Why this kernel produces incoherent stores
__global__ void reverseArrayBlock(int *d_out, int *d_in)
{
int inOffset = blockDim.x * blockIdx.x;
int outOffset = blockDim.x * (gridDim.x - 1 - blockIdx.x);
int in = inOffset + threadIdx.x;
int out = outOffset + (blockDim.x - 1 - threadIdx.x);
d_out[out] = d_in[in];
}
and this one doesn’t
__global__ void reverseArrayBlock(int *d_out, int *d_in)
{
extern __shared__ int s_data[];
int inOffset = blockDim.x * blockIdx.x;
int in = inOffset + threadIdx.x;
// Load one element per thread from device memory and store it
// *in reversed order* into temporary shared memory
s_data[blockDim.x - 1 - threadIdx.x] = d_in[in];
// Block until all threads in the block have written their data to shared mem
__syncthreads();
// write the data from shared memory in forward order,
// but to the reversed block offset as before
int outOffset = blockDim.x * (gridDim.x - 1 - blockIdx.x);
int out = outOffset + threadIdx.x;
d_out[out] = s_data[threadIdx.x];
}
I’m aware that second one is using shared memory. But when I look at indicies of d_out they seem to be the same in both kernel. Would you help me to understand this?

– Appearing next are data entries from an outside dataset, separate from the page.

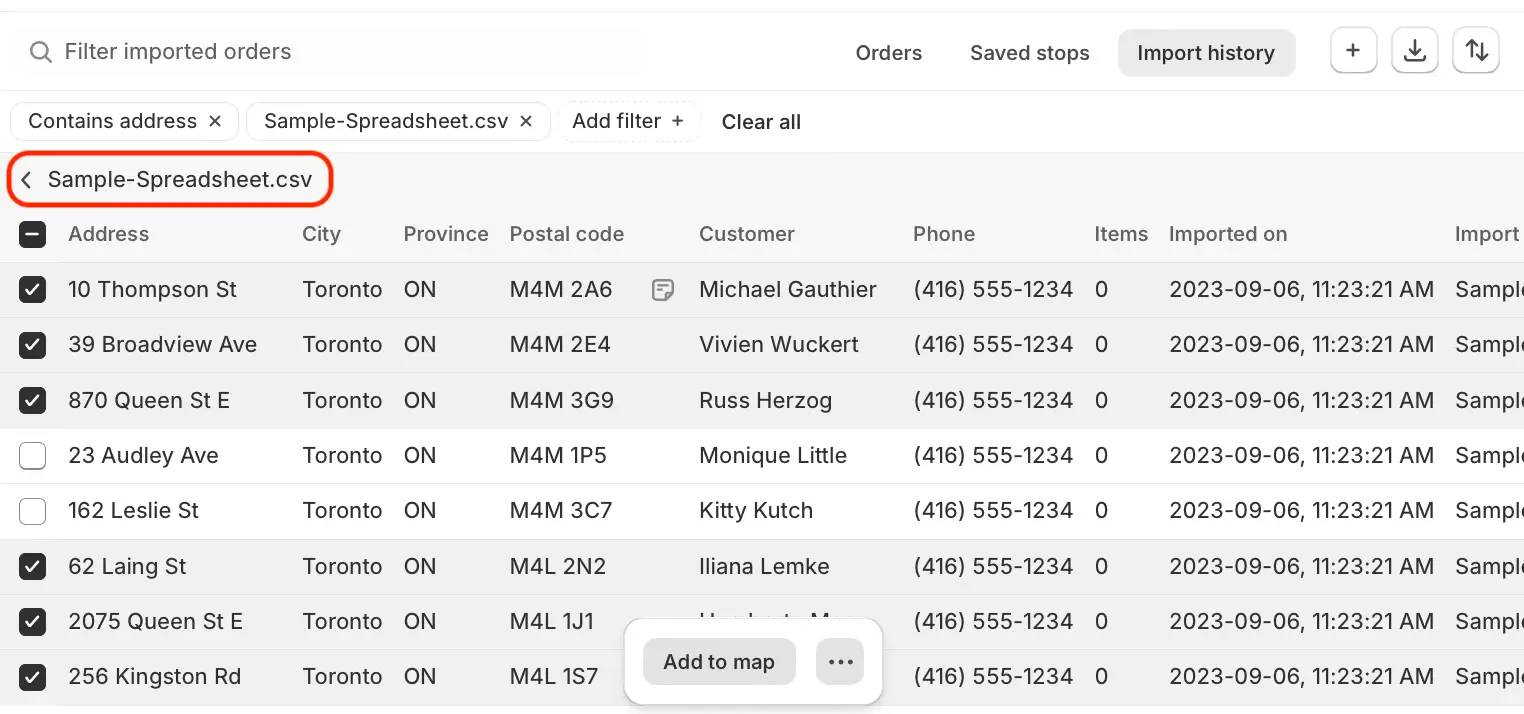 The stops inside Sample-Spreadsheet.csv, most of them checked above the Add to map button, with the back arrow and file name circled
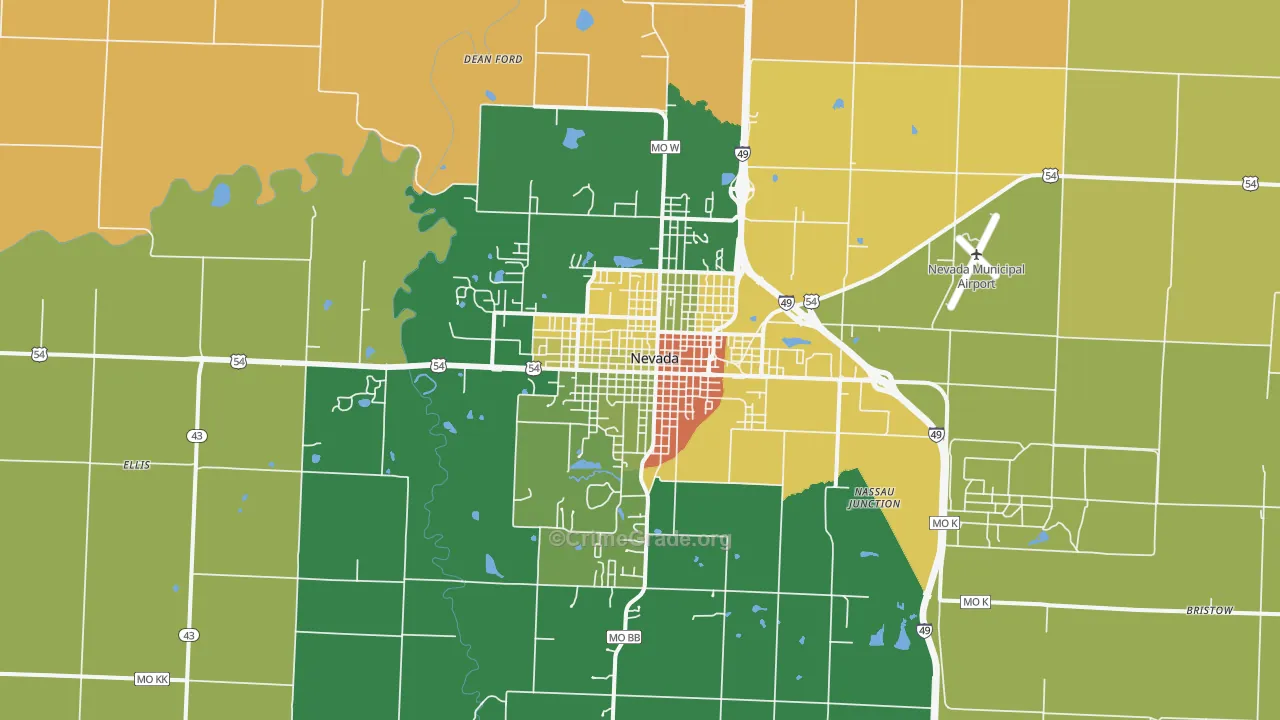 Nevada, MO Map of Robbery Rates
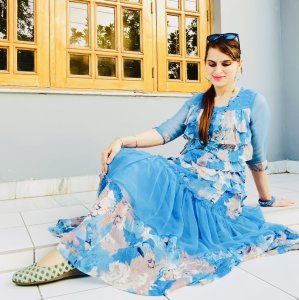 Soniya Swtshw Ethnic Motifs Printed Embellished details maxi ethnic flare dress with hem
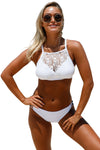 White Crop Lace Overlay Bikini Set
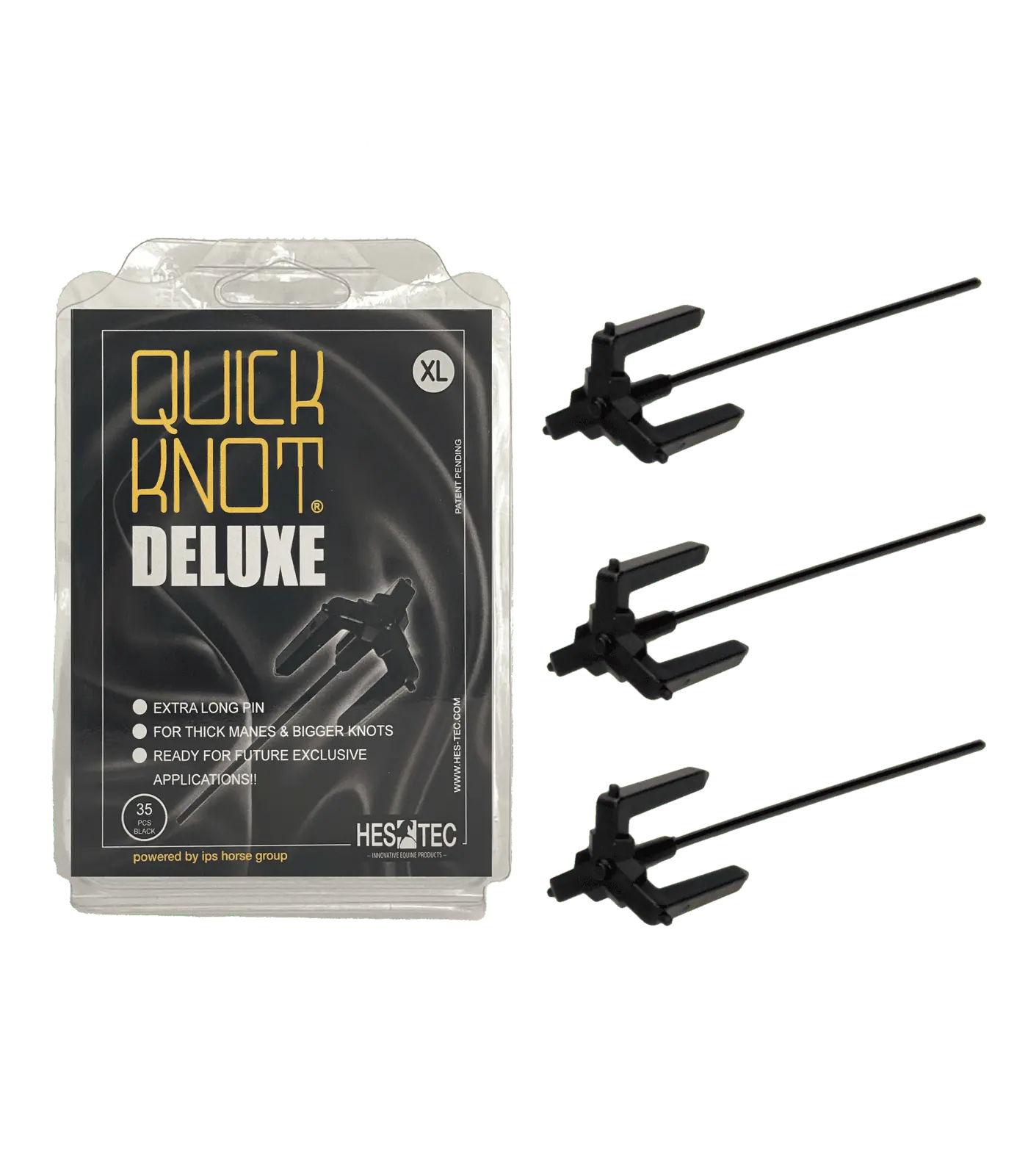 Hes-tec Quick Knot Deluxe Einflechthilfe für Turnierzöpfe, XL, Schwarz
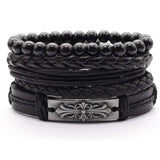 Vintage Owl Beads Feather Wing Charm Bracelets for Men and Women
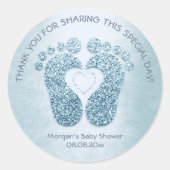 青いハート足赤ちゃんシャワーお願いありがとう男の子 ラウンドシール (正面)
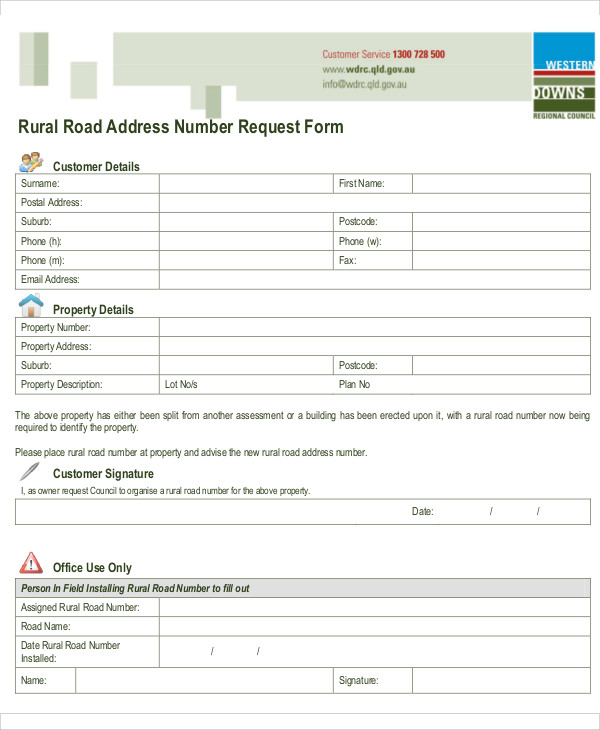 rural road address request form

Coalescing requires that the addresses follow a “base + tid” pattern within a warp, where tid is short for the thread index. In other words, as tid increases, so does the address. Your comment calls this “forward order”. In the first kernel, addresses are generated such that as tid increases, the address decreases, i.e. the accesses are in “backward order”.